OK, maybe I care a little bit. It would be nice to be getting just a hint of attention like I used to. Back in the days when I was called the “15 year-old NFL draft expert” and was a regular guest on a local AM sports talk radio show. Back in the days when I had a blog on that same station’s communal blog site and received around 100 hits every day. But I’m not 15 anymore. I don’t have that appeal I used to.

Think about it. How many homeschooled 15 year-olds are passionate about sports
writing? Not many. Back in the day, I was an interesting story; a rare anomaly that made for a good half hour of radio. But I’ve lost that appeal. I’m now just like countless other college freshman who are journalism majors aspiring to be sports journalists. I sat next to one three days a week my first semester in college.
What do I have to separate myself from the pack?
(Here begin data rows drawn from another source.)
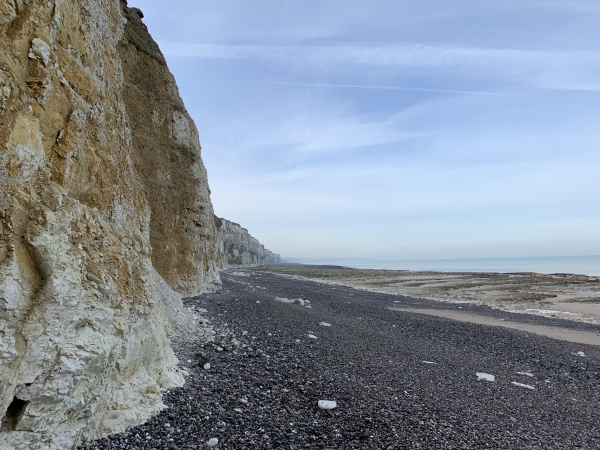 La côte et ses falaises en bas du Val du Prêtre.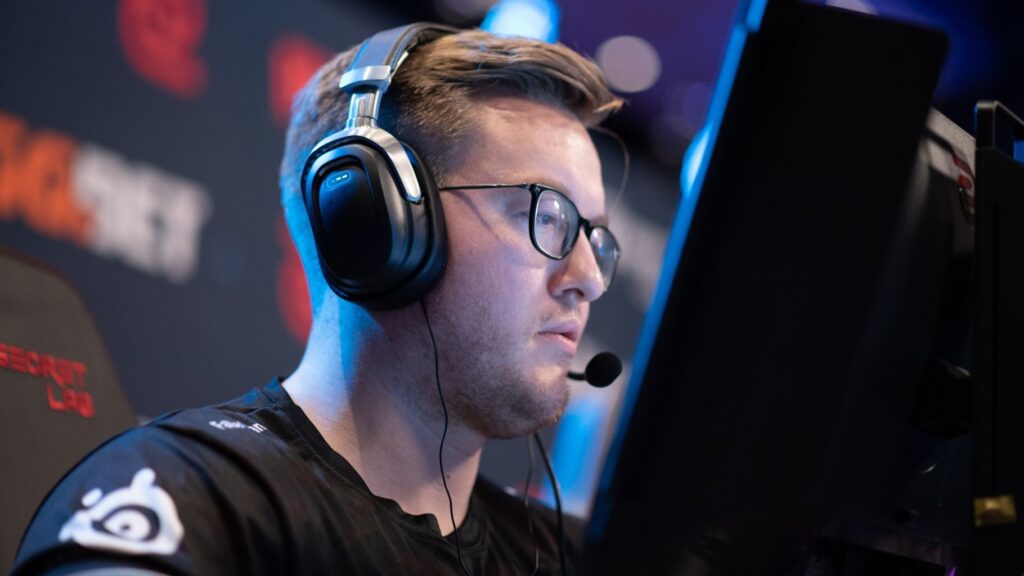 NA player kicked during RMR qualifier due to cheating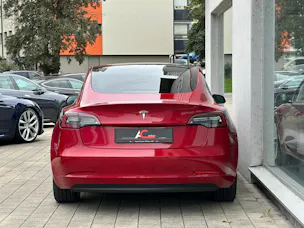 Tesla Tesla Model 3 Standard-Range Plus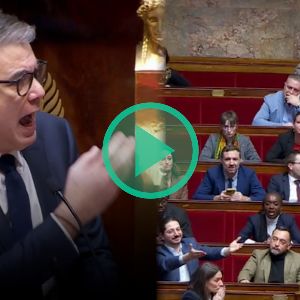 "Divorce politique à l'Assemblée : le Parti socialiste refuse la motion de censure, se dissociant de la gauche radicale"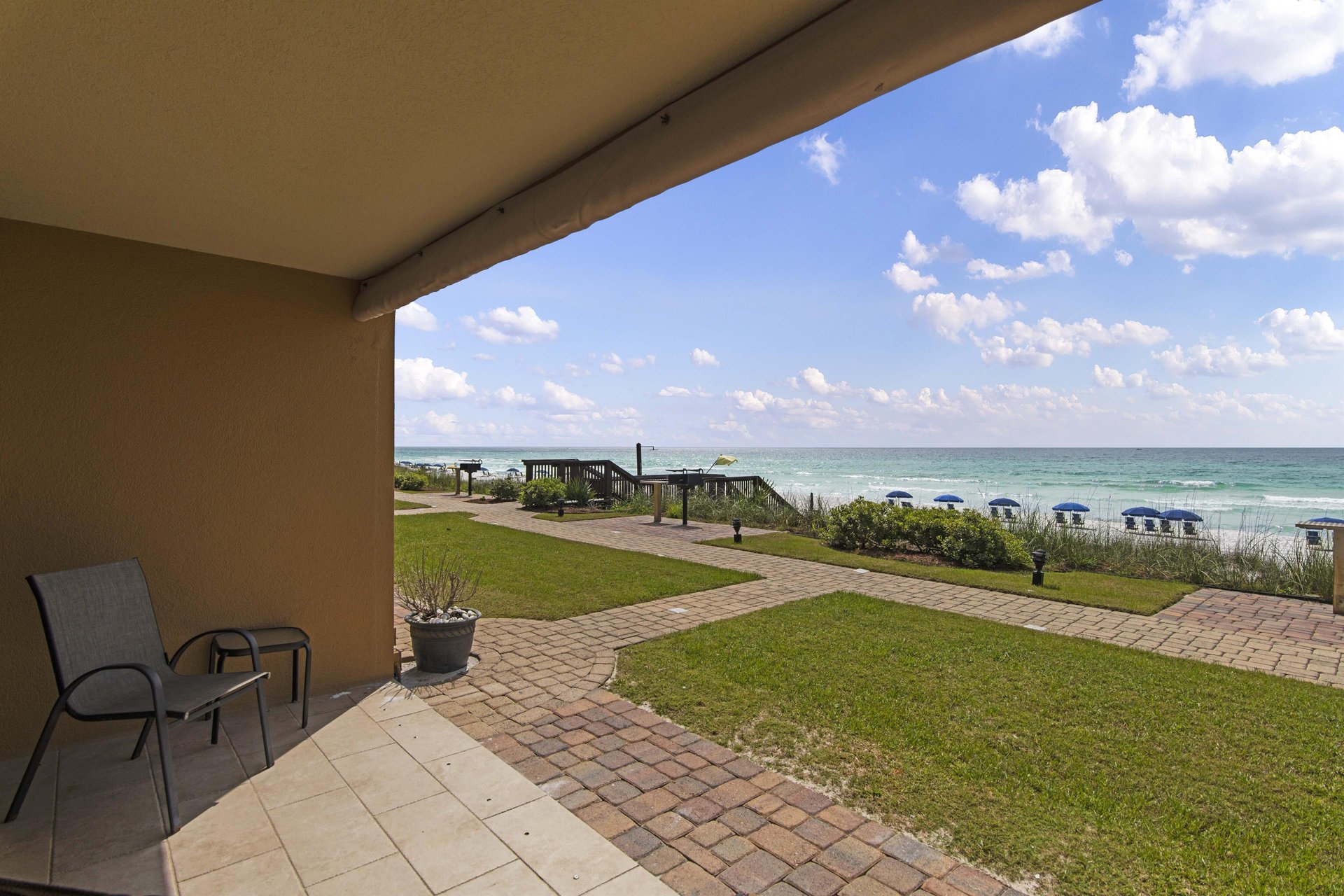Coral Reef Club 09 16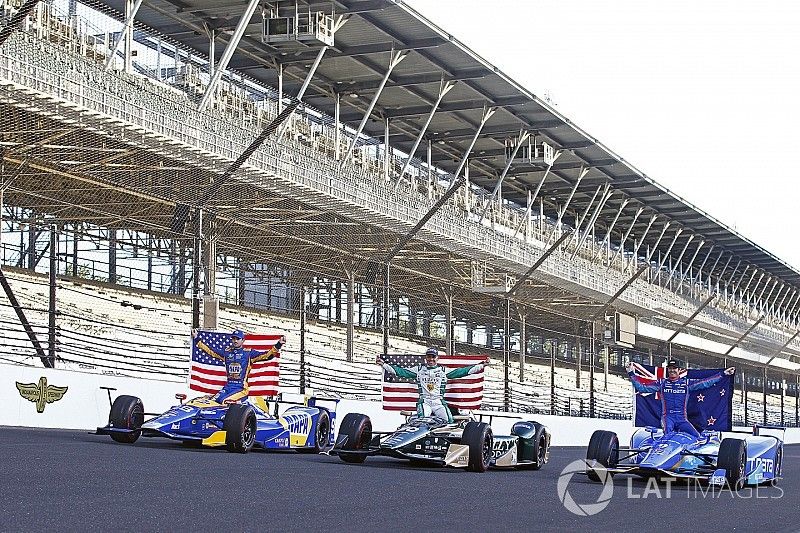 Scott Dixon, Chip Ganassi Racing Honda, Ed Carpenter, Ed Carpenter Racing Chevrolet, Alexander Rossi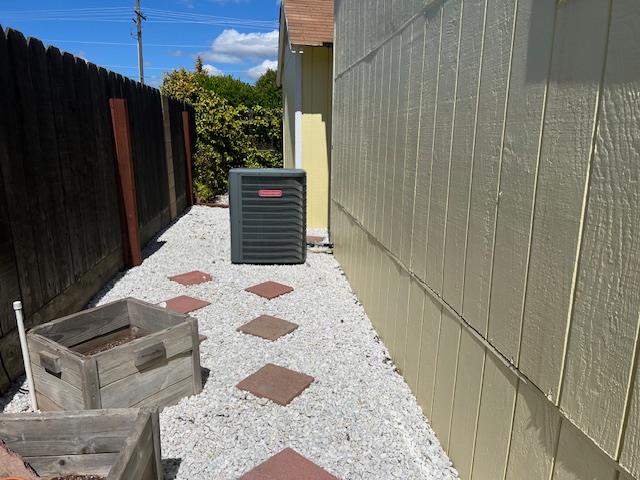 1541 Panthers Ln #13, Modesto, CA 95355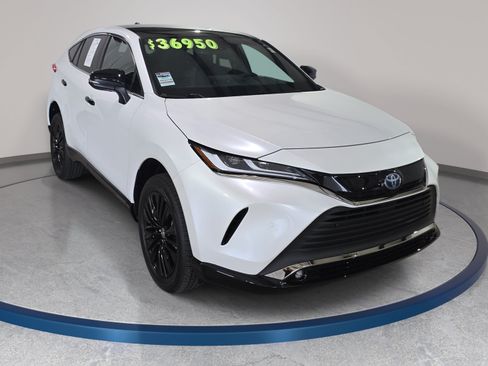 Used 2023 Toyota Venza Nightshade AWD/4WD image 4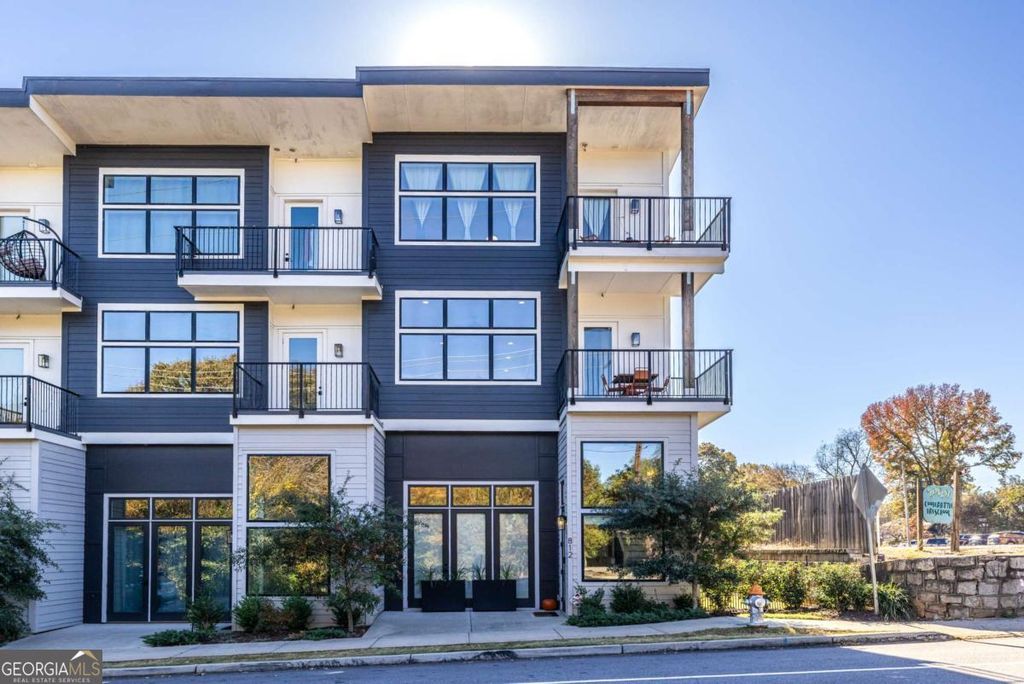 812 W College Avenue, Decatur, GA 30030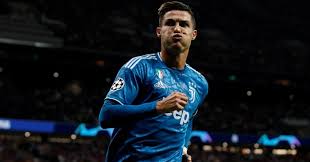 Like that ronaldo.make your own jersey and share in social media. Ronaldo Explains Gesture To Atletico Fans Football 365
I was the only freshman on staff at Indiana Wesleyan University’s award-winning student newspaper. We were named one of the top 10 4-year college papers in the entire country. But what else? I have two and a half years of experience working at a public newspaper. Although I admit it was probably one of the smallest newspapers in the country. When it all really comes down to it, what can I offer future employers that Joe College Graduate cannot?

Maybe this realization is a good thing for me. Maybe it’s a sign that I shouldn’t take anything for granted now or ever. Maybe it’s far too early to give up on hard work, and I should be wary of complacency. Maybe I still have a shot to be the national sports journalist that I know I can be, but it’s not a guaranteed thing. So there’s only one thing to do: keep on writing.